I’ll cop to this, though: News of Demi Lovato’s issues was a serious wake-up call for Nick and me—one that led to our doing research into cutting and other ways kids suffering from emotional issues self-abuse, and what we, as parents, should be looking for, talking about and doing to help our girls find better ways to deal with pain and sadness. Indeed, when we did just a cursory look around to figure out what we should be saying to our girls, we found plenty of information, and even stumbled across poignant posts by mothers who had children as young as 11-year-old struggling with depression and self-abuse like cutting, bulimia, and anorexia, among other things. It was an eye-opener. And we decided to attack the subject with the same kind of open and plain, tell-it-like-it-is, nothing-but-the-truth-and-the-whole-truth-so-help-us-God conversations we’ve had with our girls about their bodies and sex.
And we started this new conversation by making clear to them that stars are human beings, not gods, and no matter how pretty or cool or funny or smart they appear to be, they still put on their pants one leg at a time, just like we do, and often aren’t who we make them out to be. As a former entertainment reporter who’s profiled dozens of celebrities—from Lena Horne and George Clooney to Halle Berry and Jay-Z—and who experienced first-hand how flawed and screwed up stars can be, I implore my babies to trust me when I tell them: celebrity worship is almost always a losing proposition.
Alas, at the end of a long day in front of the cameras and on the stage, Demi Lovato is just… a girl.
My girls (ages 10, 8 & 5) LOVE Demi! My husband and I told them the truth before they heard wild rumors at school. We explained to them that Demi had been bullied as a child; that she had body-image issues; and that she cut herself as a result of all the stuff she held inside. We let them know that words can lift people up or tear them down. In Demi's case, they tore her little 18-year-old self down. After we finished, we let them know that they are PERFECT the way God made them. Then we prayed for Demi. As you said, she is still a girl. She's too young to be going through all that.
Having this discussion a couple of days ago with a friend of mine about the shows that children have to watch, stimulated my interest when I heard about her situation on the news. My daughter has not seen this yet, which is a great thing for me. But I will be doing exactly what "themombeat" did with their children. Our children have a lot more problems that they have to deal with, then we did and it is hard for us as parents to keep them grounded and sane.

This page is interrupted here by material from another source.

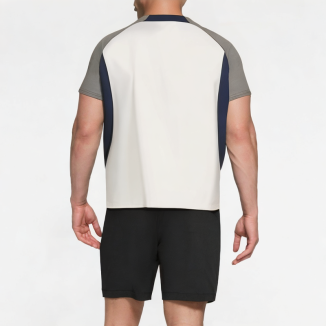Half-Zip Contrast Sports Short Sleeves 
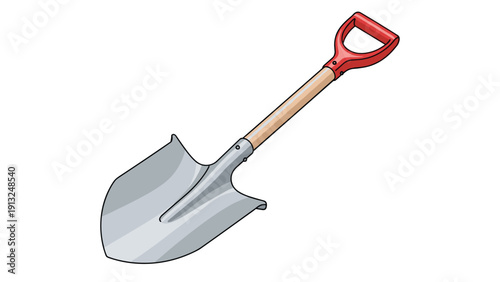 Metal gardening shovel with a wooden handle and red grip used for digging soil in gardening and construction work.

I push alot of times for my daughter to read her books or for us to do arts and crafts to keep her from watching so much TV. In the end these disney channel stars are JUST children who are having to deal with grown up problems to soon! But this is just my rant as a mother!
Have a great weekend all and my prayers are with her!
I totally agree with "themombeat" I would only add that we should all be proud of Demi for realizing that she needed help and asking for it now instead of when she had no other choice, that in itself is HUGE and very mature and we should tell our children how proud we are of her for taking that courageous step.
Don't kids just have the best timing sometimes?!